Republicans argue that forcing consumers to purchase different plans violates President Obama's pledge that people who like their healthcare coverage can keep it. The changes impose higher costs on those who can least afford it, critics say.

Most people who see their premiums rise will get help from the federal government to help cover the additional costs, according to Thursday's survey, which was conducted by the Milliman consulting firm on behalf of Center Forward.

The healthcare law establishes new insurance exchanges in each state. The exchanges are primarily for people who buy coverage on their own, rather than purchasing insurance through an employer. 

People in the individual market currently tend to choose policies that don't offer much coverage and carry high out-of-pocket costs for the services they do cover, according to Milliman's research. 

The firm analyzed the individual markets in six states with varying degrees of regulation already in place.

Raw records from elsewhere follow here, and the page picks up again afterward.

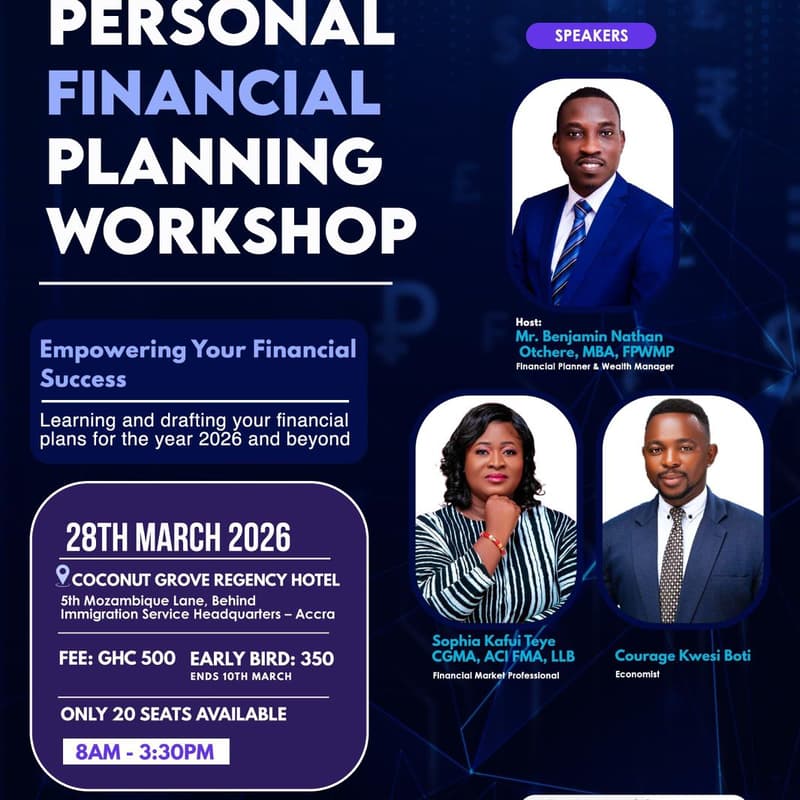 Cover Image for Personal Financial Planning Workshop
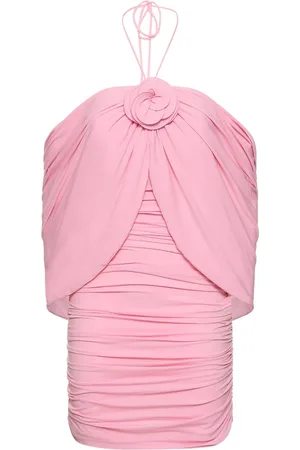 MAGDA BUTRYM Draped Jersey Mini Dress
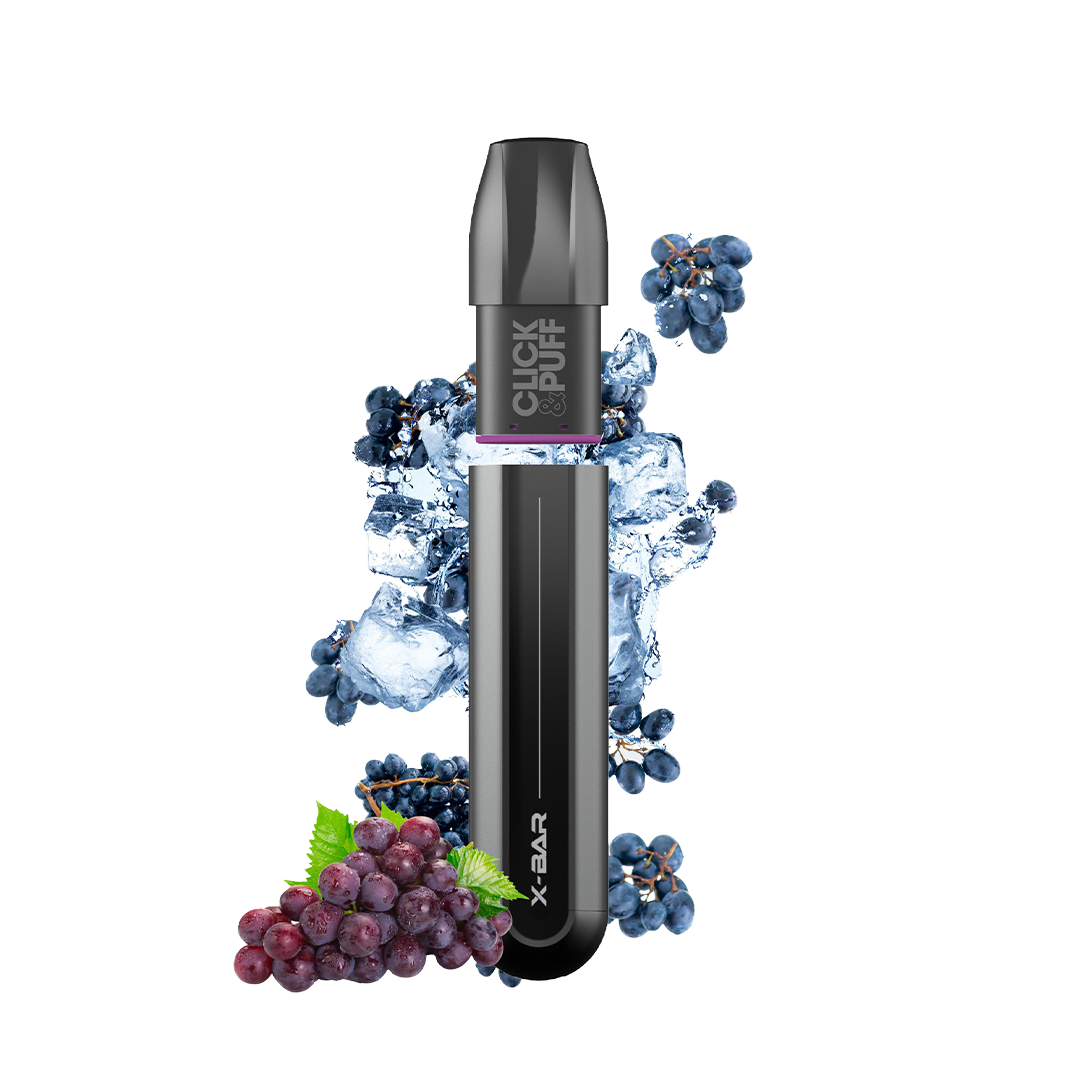 X-BAR Click & Puff kit de démarrage - ICE GRAPE
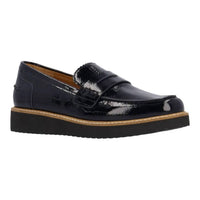L'amour Des Pieds Women's Zyra Leather Loafers in black - women's flats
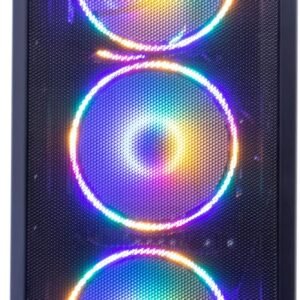 MXZ Gaming PC Computer R5 3500X, RX580, 8G DDR4, NVME 500G, B450,6RGB Fans,Windows 11 Pro Ready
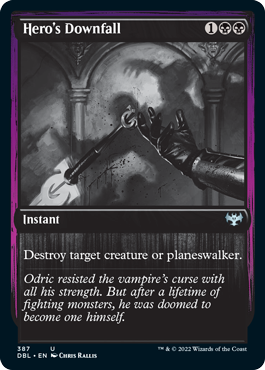 Hero's Downfall [Innistrad: Double Feature] | Good Games Cannington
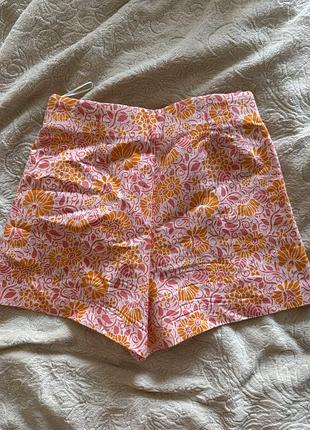 Шорти zara лляні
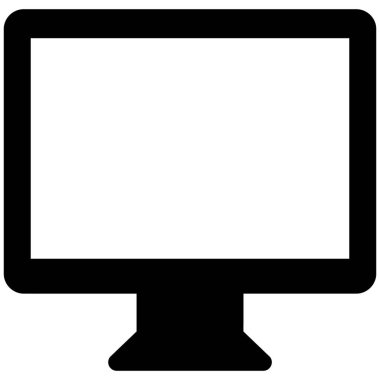 LCD Ekranı İzole Edilmiş Vektör icoLCD Ekranı, Tv, ekran, lcd, monitör, televizyon, monitör, Ekran, TV, Bilgisayar, Öncü, Aygıt, Masaüstü, Onlinen kolaylıkla düzenleyebilen ve düzenleyebilen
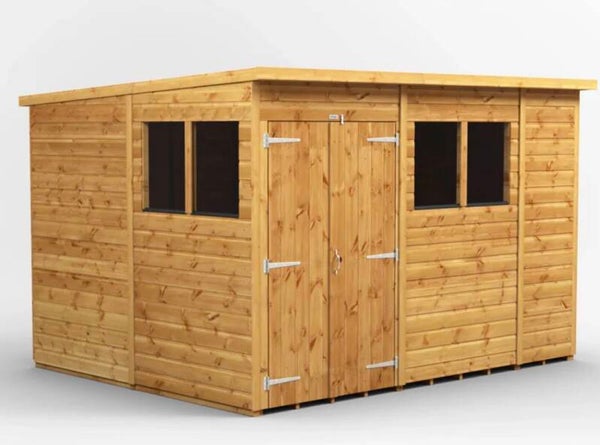 10x8 flat roof garden shed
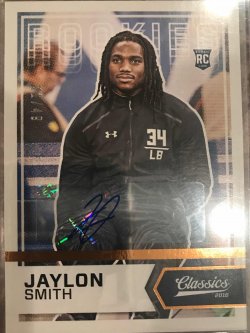 2016 Panini Classics Jaylon Smith 292 21/49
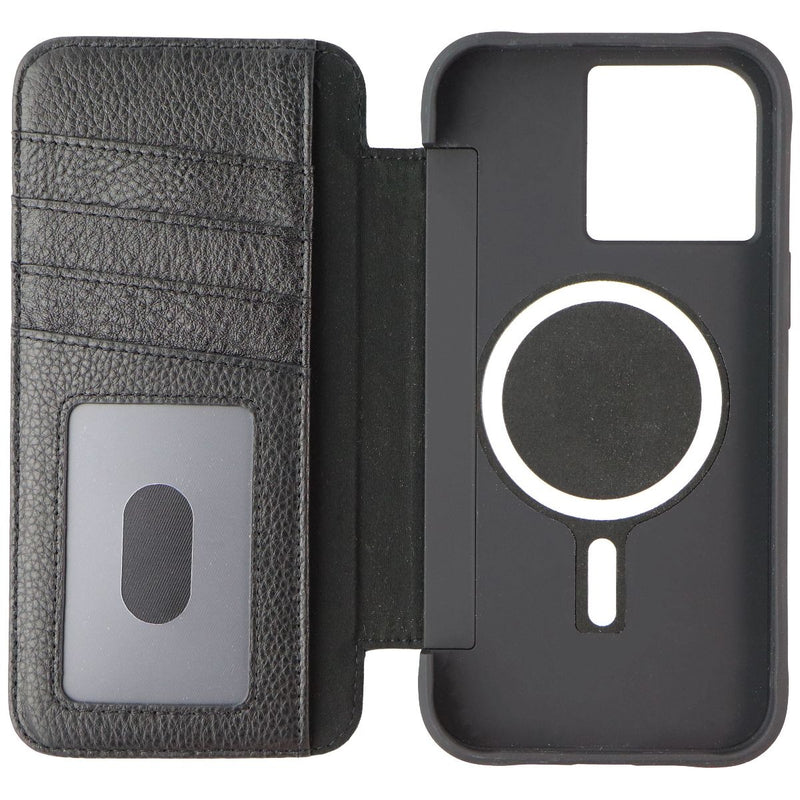 Case-Mate Wallet Folio Leather Case for MagSafe for iPhone 14 Pro Max - Black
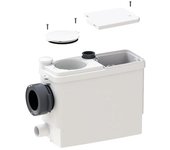 Caja trituradora sanipack ideal para todos los modelos de inodoros suspendidos y de suelo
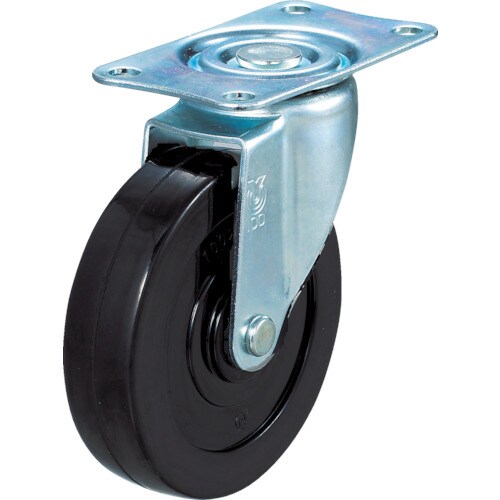 台車用キャスターΦ100導電性ゴム車自在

In New Jersey, where insurance is already highly regulated, the healthcare law won't lead to much of a premium hike at all — in fact, consumers could see their costs fall by as much as 25 percent.

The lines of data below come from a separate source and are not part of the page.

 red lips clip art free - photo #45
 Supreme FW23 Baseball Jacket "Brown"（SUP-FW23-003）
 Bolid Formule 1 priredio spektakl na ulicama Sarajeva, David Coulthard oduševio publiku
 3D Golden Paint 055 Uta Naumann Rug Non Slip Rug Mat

But in states that don't already restrict meager insurance policies, the healthcare law could have a bigger impact. In Florida and Ohio, premiums for one of the cheapest individual policies allowed under ObamaCare could cost upwards of 50 percent more than the more bare-bones plans available now.

Across the six states studied, 40 to 60 percent of people on the individual market will be eligible for subsidies to help offset the cost of insurance, Milliman found.

The law provides subsidies, based on income, to help cover premiums, as well as separate subsidies to defray out-of-pocket costs. Even if underlying premiums rise, many people will see their own costs fall because of the help they'll get from subsidies, Milliman said.